▸ PROBLEM STATEMENT
Repeat every entry in the listing below, exactly.

▸ STUDY MATERIAL
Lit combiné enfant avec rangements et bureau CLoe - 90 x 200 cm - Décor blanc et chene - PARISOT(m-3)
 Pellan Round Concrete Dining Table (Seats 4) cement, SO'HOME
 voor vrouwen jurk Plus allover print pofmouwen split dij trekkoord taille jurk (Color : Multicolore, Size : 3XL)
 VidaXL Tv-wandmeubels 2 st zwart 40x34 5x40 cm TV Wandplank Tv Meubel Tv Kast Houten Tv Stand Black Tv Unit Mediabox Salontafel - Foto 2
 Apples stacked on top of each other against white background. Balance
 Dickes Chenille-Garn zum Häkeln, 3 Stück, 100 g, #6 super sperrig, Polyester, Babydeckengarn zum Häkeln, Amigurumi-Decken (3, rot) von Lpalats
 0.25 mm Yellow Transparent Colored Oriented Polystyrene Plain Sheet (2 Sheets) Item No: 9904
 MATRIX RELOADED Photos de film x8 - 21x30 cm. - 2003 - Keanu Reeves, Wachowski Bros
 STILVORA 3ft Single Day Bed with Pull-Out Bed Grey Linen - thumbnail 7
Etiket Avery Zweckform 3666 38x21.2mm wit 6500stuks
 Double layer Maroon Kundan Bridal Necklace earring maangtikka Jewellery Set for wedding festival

▸ OUTPUT FOR THIS EXERCISE
Lit combiné enfant avec rangements et bureau CLoe - 90 x 200 cm - Décor blanc et chene - PARISOT(m-3)
 Pellan Round Concrete Dining Table (Seats 4) cement, SO'HOME
 voor vrouwen jurk Plus allover print pofmouwen split dij trekkoord taille jurk (Color : Multicolore, Size : 3XL)
 VidaXL Tv-wandmeubels 2 st zwart 40x34 5x40 cm TV Wandplank Tv Meubel Tv Kast Houten Tv Stand Black Tv Unit Mediabox Salontafel - Foto 2
 Apples stacked on top of each other against white background. Balance
 Dickes Chenille-Garn zum Häkeln, 3 Stück, 100 g, #6 super sperrig, Polyester, Babydeckengarn zum Häkeln, Amigurumi-Decken (3, rot) von Lpalats
 0.25 mm Yellow Transparent Colored Oriented Polystyrene Plain Sheet (2 Sheets) Item No: 9904
 MATRIX RELOADED Photos de film x8 - 21x30 cm. - 2003 - Keanu Reeves, Wachowski Bros
 STILVORA 3ft Single Day Bed with Pull-Out Bed Grey Linen - thumbnail 7
Etiket Avery Zweckform 3666 38x21.2mm wit 6500stuks
 Double layer Maroon Kundan Bridal Necklace earring maangtikka Jewellery Set for wedding festival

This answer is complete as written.